Dutch colonial administrator and tobacco farmer

Cornelis Meeuwsen (born 17 March 1826 – 30 April 1896) was a Dutch colonial administrator and tobacco farmer, who made a career in the administration on the Dutch Gold Coast and who became interim governor during the European leave of governor Cornelis Nagtglas between 7 May 1860 and 21 January 1861.

== Biography ==
Cornelis Meeuwsen was born in Huissen as the tenth child of Gradus Meuwsen and Gertrudis Steenhof. Both his father and grandfather cultivated tobacco, a popular crop in Huissen in the middle of the 19th century.

Meeuwsen's familiarity with cultivating tobacco was one of the main reasons to recruit him for service on the Dutch Gold Coast, as the colonial government had started a tobacco plantation in the government garden of Elmina. Meeuwsen was appointed assistant on the Coast of Guinea by royal decree of 21 juni 1848 and departed for the Dutch Gold Coast on 14 November 1848, arriving on 11 February 1849.

Meeuwsen developed a tobacco plantation at Simbo, which was more successful than the plantation established on poor soil in the government garden in Elmina.
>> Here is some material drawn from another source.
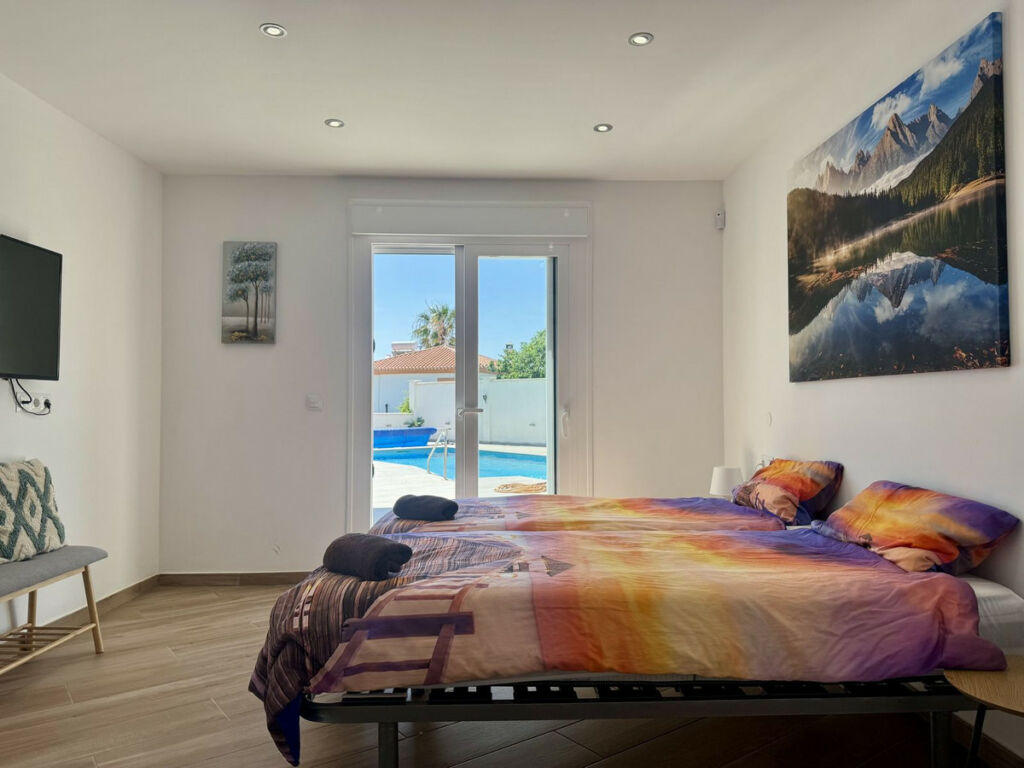 Detached Villa Estepona Málaga - image 29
The Simbo plantation soon had difficulty attracting labourers, however, and was shut down on 30 June 1855.

Meeuwsen was promoted to resident on the Coast of Guinea on 1 December 1855 and continued his career in the colonial administration as commandant of Fort San Sebastian at Shama. On 14 May 1856, he was appointed commandant of Fort Orange at Sekondi.

After returning to the Gold Coast on 11 September 1857 from a year-long European leave, Meeuwsen was appointed bookkeeper, public prosecutor, government secretary and cashier, succeeding Petrus Jacobus Runckel. This office made Meeuwsen second in command of the colony. During the European leave of Nagtglas between 7 May 1860 and 21 January 1861, Meeuwsen served as acting governor.

Meeuwsen returned to the Netherlands on 14 April 1861 and was honourably discharged of his duties by royal decree of 27 October 1861. Almost immediately after his return, on 19 June 1861, he married Hendrina Johanna Leijser, with whom he had six children. He settled again in Huissen, where he was a member of the municipal council.

Cornelis Meeuwsen died on 30 April 1896, aged 70.